This in itself isn't bad, but the problem it causes is that the Googlers (who
do not experience the pain that other users of the language do) are still the
majority voice in any decision. Maybe not in numbers, but definitely in
weight.

There have been a number of changes pushed through that make sense in Google's
use case but not for general development use. Stuff like declaring a folder
named "internal" special where it wasn't before. Perfectly understandable in
Google's internal uniform codebase, where nearly every package is understood
and the world is small. Not a smart change to make a few years into the 1.0
compatibility freeze though, since you can bet that a lot (I even dare say a
majority) of 'regular' developers won't know about this and might run into
problems because of this at one point or another.

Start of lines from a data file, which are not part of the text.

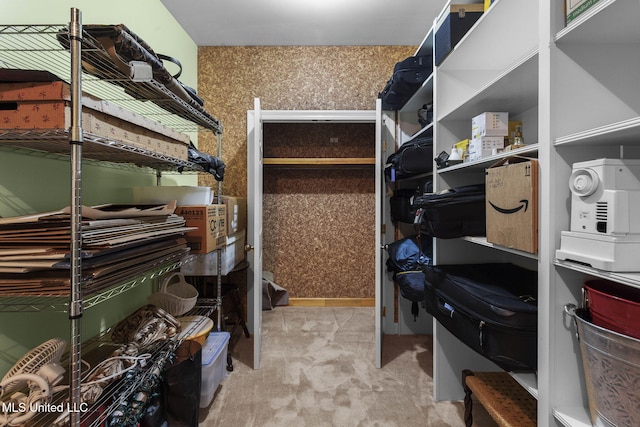 169 Pine Hill Dr, Brandon, MS 39047 - view of storage area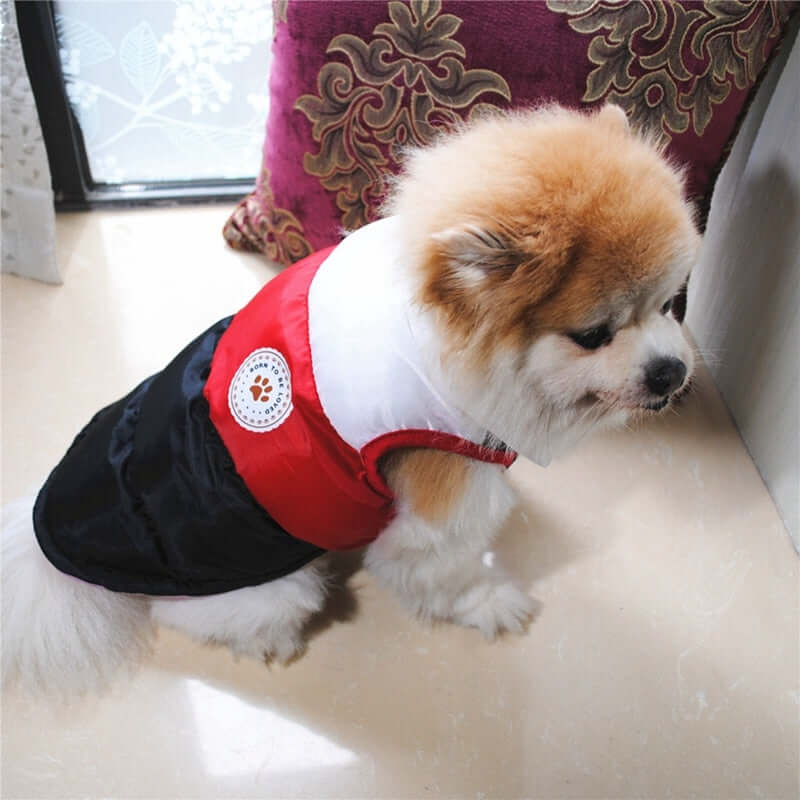 Waterproof Dog Jacket Multi Colors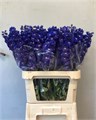 Дельфиниум-Delphinium-El Dewi B Star-90cm 34d14085-22c2-11ed-0a80-014500136c3d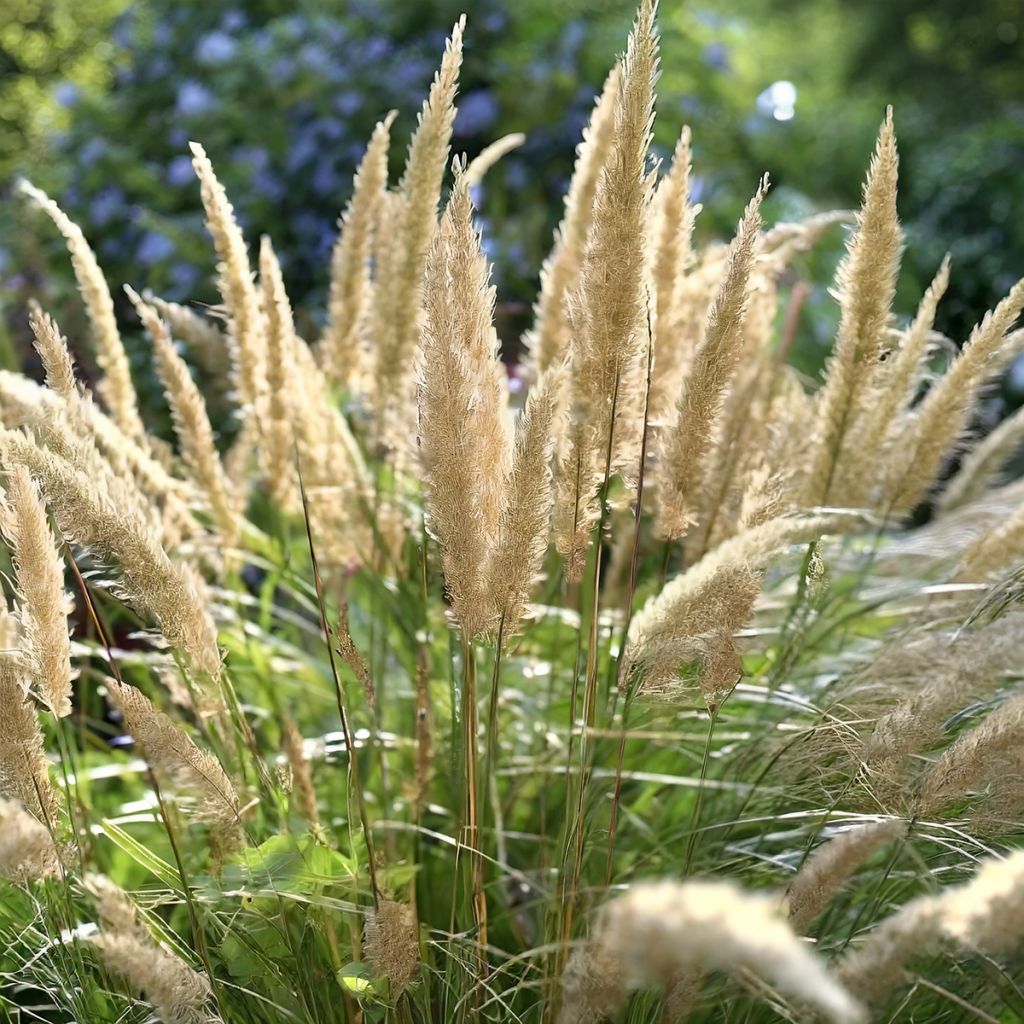 Stipa calamagrostis Allgäu - Federgras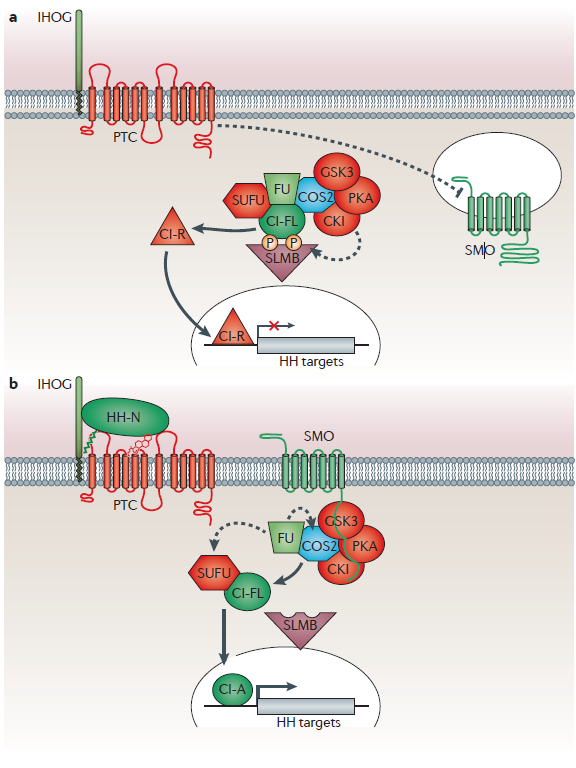 hedgehog in D.melanogaster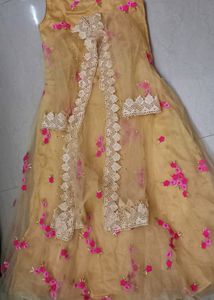 Beautiful Net Gown With Coaty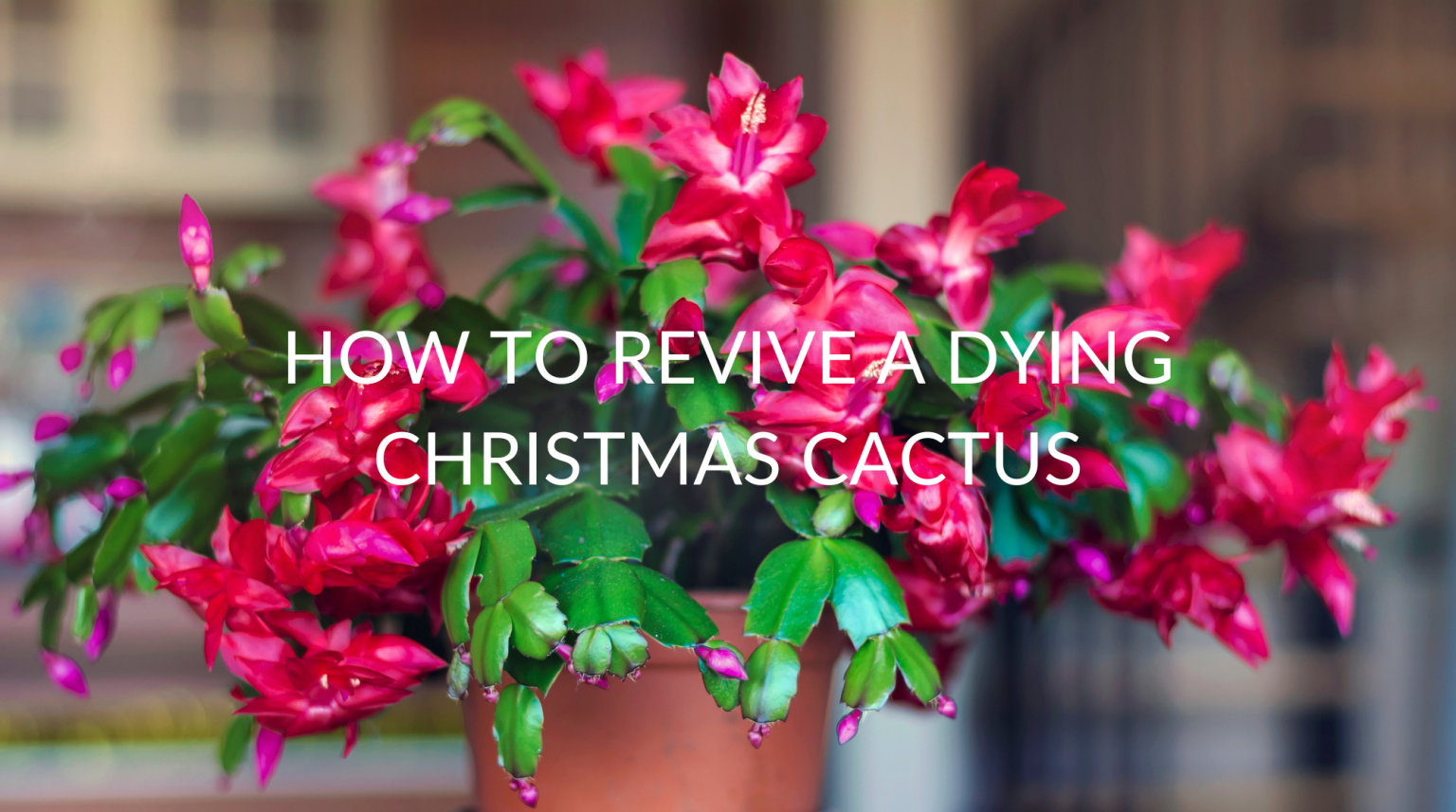 7 Ways To Revive A Dying Christmas Cactus (Even When They're Old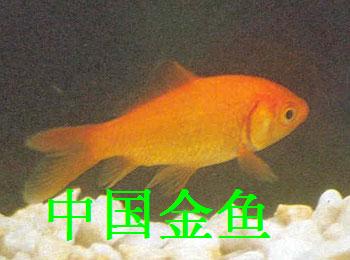 日本金鱼 日本金鱼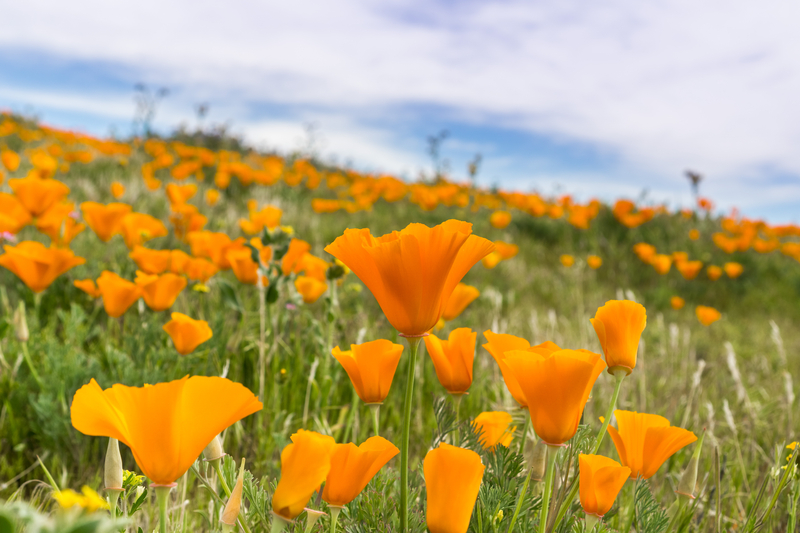 Why is the Eschscholzia californica (California Poppy) the State Flower of California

This is just a small example that I can recall out of the top of my head but
my worry is that this is happening more often with a lot of features.

Counterarguments from Googlers are usually along the line of "Go has X
contributors, only Y of which are Googlers", but that is not the full truth.
The top 5 contributors are still employed by Google. If you read the golang-
dev mailing list, especially when it comes to discussions about tooling and
ecosystem, you'll see that the Googlers have an overwhelming voice and will
not shy away from flat-out rejecting criticism to proposals that might be nice
for Google's use case but cause ambiguity and complexity for other developers.

Having said that, I still love the language and design. I just whished they
shied away from magic comments and half-baked solutions for dependency
management.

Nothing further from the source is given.